▸ YOUR GOAL
Copy every line of the data in which the word "Angeles" occurs.

▸ DATA LISTING
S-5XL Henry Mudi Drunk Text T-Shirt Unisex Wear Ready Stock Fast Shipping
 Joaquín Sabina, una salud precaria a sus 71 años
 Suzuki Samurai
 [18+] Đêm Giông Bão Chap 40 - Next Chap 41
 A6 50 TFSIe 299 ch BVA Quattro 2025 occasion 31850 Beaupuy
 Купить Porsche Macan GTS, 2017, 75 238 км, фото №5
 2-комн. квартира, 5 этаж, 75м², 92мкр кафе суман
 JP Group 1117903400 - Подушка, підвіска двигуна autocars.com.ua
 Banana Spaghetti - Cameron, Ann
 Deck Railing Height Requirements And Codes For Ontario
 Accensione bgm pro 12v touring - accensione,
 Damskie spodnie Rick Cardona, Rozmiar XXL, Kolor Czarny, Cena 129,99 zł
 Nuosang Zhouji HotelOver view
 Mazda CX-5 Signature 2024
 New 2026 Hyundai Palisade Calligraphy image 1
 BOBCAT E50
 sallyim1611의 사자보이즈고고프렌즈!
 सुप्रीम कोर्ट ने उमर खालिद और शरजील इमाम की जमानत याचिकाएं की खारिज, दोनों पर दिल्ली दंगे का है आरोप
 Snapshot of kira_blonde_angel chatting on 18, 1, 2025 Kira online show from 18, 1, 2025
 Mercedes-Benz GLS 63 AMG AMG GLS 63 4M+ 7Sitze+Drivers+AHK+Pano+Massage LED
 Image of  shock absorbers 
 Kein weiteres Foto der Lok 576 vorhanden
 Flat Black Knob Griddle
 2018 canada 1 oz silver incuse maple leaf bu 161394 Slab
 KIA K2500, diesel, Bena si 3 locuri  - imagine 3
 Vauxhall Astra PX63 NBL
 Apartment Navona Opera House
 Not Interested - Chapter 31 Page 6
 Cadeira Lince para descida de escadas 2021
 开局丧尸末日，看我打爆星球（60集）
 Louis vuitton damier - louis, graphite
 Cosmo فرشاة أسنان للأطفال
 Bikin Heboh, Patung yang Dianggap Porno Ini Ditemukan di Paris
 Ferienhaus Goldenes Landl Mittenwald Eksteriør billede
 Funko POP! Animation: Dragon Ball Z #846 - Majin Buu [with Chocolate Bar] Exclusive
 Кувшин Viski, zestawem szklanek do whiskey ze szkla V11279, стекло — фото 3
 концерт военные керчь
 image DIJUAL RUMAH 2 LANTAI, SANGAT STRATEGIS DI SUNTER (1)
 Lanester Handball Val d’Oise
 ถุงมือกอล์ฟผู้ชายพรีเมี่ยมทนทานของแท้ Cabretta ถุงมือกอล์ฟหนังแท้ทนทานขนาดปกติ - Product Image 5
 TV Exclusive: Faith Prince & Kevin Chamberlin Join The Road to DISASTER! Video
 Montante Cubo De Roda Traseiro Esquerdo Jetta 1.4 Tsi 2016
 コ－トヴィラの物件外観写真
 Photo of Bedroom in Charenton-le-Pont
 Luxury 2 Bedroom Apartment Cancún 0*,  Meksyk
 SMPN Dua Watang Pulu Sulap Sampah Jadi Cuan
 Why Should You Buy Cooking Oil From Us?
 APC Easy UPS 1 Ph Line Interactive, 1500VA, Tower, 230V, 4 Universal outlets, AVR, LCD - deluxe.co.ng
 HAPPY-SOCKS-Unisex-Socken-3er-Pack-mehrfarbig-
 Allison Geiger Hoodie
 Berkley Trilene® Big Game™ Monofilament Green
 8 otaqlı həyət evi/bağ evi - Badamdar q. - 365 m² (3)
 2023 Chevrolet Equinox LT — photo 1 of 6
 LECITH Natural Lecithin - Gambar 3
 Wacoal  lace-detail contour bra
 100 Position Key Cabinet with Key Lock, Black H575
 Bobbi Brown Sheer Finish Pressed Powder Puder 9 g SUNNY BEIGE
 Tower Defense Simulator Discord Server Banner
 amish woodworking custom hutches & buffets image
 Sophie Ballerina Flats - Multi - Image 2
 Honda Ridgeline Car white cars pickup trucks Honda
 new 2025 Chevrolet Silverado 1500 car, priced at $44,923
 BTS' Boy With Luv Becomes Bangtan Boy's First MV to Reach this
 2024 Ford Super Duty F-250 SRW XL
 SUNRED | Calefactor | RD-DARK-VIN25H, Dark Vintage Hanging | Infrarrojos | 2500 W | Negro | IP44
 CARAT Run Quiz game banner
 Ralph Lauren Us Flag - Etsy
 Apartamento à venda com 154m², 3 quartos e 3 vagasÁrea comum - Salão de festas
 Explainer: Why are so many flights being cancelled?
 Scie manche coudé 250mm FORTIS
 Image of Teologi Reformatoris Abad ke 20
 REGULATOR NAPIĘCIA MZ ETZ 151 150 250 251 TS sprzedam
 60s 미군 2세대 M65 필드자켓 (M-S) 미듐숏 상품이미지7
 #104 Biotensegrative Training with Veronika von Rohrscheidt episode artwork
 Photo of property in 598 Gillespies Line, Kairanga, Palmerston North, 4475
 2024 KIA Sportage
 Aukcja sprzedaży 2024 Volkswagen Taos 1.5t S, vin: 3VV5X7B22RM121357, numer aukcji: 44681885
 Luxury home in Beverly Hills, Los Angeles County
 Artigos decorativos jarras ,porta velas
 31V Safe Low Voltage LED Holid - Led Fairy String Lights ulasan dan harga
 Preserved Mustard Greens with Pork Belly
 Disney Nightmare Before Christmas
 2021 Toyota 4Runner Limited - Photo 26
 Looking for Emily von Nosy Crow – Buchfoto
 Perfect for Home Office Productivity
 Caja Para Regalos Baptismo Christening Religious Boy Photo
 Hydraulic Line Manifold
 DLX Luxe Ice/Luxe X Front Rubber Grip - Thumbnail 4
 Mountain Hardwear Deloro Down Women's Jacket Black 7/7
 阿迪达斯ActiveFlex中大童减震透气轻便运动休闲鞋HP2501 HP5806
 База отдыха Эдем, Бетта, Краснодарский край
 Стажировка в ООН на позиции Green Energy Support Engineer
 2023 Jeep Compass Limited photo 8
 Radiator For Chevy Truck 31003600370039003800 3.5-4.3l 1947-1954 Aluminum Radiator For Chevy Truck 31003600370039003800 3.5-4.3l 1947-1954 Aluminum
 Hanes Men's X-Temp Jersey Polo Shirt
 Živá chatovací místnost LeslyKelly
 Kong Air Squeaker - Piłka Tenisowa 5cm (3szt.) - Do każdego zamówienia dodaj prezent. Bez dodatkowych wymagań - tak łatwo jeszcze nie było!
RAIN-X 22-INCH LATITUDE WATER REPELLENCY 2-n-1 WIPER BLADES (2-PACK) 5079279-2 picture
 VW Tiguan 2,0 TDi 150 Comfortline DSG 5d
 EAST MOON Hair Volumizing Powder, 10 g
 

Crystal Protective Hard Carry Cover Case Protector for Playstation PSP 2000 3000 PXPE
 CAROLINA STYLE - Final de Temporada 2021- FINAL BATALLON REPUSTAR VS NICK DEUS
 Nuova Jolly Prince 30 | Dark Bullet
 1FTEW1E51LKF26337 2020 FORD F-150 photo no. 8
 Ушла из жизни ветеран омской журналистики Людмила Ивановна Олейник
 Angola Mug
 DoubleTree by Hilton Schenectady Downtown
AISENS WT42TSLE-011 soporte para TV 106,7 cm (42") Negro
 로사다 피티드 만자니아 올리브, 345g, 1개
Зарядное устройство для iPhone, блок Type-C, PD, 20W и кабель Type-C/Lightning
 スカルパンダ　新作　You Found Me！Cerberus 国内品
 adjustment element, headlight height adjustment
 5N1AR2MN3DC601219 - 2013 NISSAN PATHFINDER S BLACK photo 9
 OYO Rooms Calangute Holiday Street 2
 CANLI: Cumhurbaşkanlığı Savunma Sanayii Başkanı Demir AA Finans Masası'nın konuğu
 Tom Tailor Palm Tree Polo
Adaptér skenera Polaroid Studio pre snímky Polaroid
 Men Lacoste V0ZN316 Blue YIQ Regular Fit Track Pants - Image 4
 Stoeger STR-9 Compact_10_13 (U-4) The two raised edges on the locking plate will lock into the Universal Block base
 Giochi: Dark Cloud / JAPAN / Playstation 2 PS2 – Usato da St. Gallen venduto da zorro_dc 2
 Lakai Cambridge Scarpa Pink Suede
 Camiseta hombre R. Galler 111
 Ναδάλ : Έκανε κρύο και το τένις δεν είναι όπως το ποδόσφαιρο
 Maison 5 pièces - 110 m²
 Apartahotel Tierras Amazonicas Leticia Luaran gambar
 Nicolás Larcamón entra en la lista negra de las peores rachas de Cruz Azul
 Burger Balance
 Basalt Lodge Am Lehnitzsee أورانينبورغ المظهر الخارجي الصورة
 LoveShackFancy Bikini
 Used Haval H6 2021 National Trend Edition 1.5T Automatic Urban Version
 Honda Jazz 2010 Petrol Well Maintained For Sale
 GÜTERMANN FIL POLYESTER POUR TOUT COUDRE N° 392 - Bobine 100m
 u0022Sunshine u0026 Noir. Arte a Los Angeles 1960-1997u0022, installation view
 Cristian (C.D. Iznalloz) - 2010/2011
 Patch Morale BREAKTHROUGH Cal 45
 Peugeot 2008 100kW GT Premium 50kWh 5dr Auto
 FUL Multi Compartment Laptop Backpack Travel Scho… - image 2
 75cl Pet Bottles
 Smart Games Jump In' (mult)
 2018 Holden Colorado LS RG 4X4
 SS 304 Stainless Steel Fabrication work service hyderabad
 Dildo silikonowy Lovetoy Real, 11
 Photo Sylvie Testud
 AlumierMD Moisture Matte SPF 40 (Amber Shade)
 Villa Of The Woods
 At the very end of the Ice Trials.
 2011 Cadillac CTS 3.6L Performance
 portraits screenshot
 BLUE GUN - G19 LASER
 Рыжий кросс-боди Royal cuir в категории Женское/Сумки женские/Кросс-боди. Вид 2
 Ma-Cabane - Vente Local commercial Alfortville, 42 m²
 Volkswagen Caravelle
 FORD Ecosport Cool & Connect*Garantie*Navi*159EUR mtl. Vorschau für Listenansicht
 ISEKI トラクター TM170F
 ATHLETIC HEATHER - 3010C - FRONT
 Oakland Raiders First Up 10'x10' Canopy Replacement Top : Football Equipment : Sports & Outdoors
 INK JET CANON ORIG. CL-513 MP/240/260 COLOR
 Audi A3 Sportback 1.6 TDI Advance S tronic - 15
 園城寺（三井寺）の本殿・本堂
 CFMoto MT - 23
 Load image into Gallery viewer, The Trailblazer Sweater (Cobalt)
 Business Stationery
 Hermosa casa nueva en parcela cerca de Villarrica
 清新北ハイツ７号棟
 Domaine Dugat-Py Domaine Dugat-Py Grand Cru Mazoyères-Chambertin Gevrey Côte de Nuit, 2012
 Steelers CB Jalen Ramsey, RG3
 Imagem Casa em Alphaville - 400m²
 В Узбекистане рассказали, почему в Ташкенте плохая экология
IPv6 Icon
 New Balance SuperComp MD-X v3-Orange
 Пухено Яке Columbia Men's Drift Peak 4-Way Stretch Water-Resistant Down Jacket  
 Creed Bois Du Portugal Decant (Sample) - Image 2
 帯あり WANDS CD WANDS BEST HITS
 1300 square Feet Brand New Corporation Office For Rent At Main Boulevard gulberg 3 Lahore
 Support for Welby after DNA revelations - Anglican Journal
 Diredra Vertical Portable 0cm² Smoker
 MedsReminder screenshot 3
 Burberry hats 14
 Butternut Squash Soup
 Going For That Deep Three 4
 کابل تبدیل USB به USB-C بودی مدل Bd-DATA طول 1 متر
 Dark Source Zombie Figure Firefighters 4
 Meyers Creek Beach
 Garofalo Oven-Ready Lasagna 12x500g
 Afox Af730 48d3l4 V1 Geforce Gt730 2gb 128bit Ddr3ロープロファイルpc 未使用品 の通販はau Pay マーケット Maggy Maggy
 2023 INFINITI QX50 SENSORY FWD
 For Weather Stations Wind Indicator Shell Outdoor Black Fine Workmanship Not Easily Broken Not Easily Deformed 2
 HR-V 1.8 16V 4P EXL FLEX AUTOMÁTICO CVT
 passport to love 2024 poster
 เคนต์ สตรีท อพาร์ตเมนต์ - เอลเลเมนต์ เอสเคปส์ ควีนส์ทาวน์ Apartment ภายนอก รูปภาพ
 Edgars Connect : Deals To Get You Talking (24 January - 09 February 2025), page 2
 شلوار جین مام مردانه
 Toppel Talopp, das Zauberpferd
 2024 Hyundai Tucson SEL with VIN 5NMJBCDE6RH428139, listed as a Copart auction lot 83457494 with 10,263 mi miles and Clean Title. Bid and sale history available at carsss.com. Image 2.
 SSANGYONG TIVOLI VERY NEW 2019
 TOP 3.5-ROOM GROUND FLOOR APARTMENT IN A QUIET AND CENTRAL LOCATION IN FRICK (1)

▸ ANSWER TO THIS EXERCISE
 Luxury home in Beverly Hills, Los Angeles County
 u0022Sunshine u0026 Noir. Arte a Los Angeles 1960-1997u0022, installation view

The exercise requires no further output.